[State of AI Startups] Memory/Learning, RL Envs & DBT-Fivetran — Sarah Catanzaro, Amplify - Latent Space Recap
Podcast: Latent Space
Published: 2025-12-30
Duration: 29 minutes
Guests: Sarah Catanzaro
Summary
Sarah Catanzaro from Amplify Partners discusses the current landscape of AI startups, highlighting the implications of the DBT-Fivetran merger, the consumerization of AI, and the trend of massive seed funding without clear short-term roadmaps.
What Happened
Sarah Catanzaro, a partner at Amplify Partners, provides insights on the current state of AI startups. She argues against the notion that the DBT-Fivetran merger signals the end of the modern data stack, suggesting instead that it positions the companies for IPO scale with a target of $600M+ combined revenue. Catanzaro points out that frontier labs are effectively using DBT and Fivetran for managing training data and agent analytics, indicating a strong demand for these tools despite the diminished need for large analytics teams.

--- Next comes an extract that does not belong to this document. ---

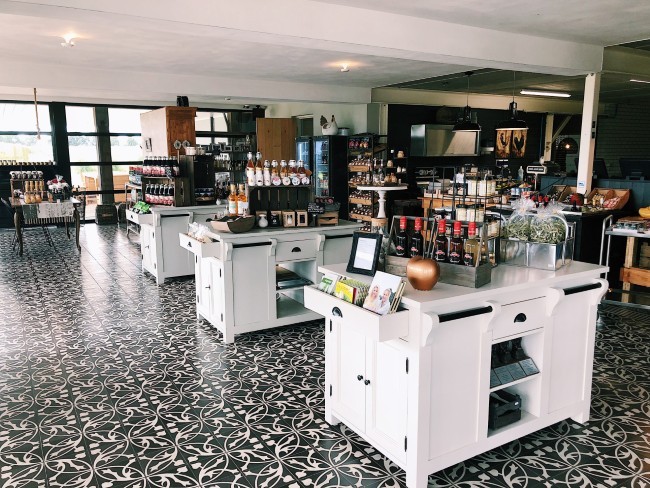 streekwinkel met aspergeproducten en delicatessen in mierlo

Catanzaro also reflects on the failure of standalone data catalogs, which she attributes to a focus on human discoverability rather than machine-centric governance. She suggests that metadata services integrated within existing platforms like Snowflake, DBT, and Fivetran have absorbed most of the data catalog functions.
A significant trend discussed is the rise of $100M+ seed rounds, which Catanzaro finds concerning due to the lack of clear roadmaps and rushed investment decisions. She highlights that this trend can lead to a transactional view of funding, where signal and valuation are prioritized over strategic partnerships.
The episode also covers the consumerization of AI through personalization, where memory management and continual learning are seen as key drivers for retention and growth in 2026. Catanzaro emphasizes that AI applications need to adapt dynamically to user preferences and changing environments.
Catanzaro expresses skepticism about the hype surrounding RL environments, suggesting that real-world logs provide richer and more generalizable data than synthetic clones. She argues that the real world should serve as the primary RL environment, aligning with how companies like Cursor leverage actual user activity.
Finally, Catanzaro outlines her investment thesis which centers on startups that tackle hard research problems like Retrieval-Augmented Generation (RAG) and rule-following, pairing them with transformative applications that were previously unattainable.
Key Insights
- The merger of DBT and Fivetran is aimed at reaching IPO scale with a target of $600M+ combined revenue, positioning them as key tools for managing training data and agent analytics in AI startups.
- Standalone data catalogs have failed due to their focus on human discoverability, while metadata services integrated within platforms like Snowflake, DBT, and Fivetran have taken over their functions.
- The trend of $100M+ seed rounds in AI startups is concerning due to a lack of clear roadmaps and rushed investment decisions, leading to a transactional view of funding that prioritizes signal and valuation over strategic partnerships.
- Real-world logs are considered more valuable than synthetic clones for reinforcement learning environments, as they provide richer and more generalizable data, aligning with practices of companies like Cursor.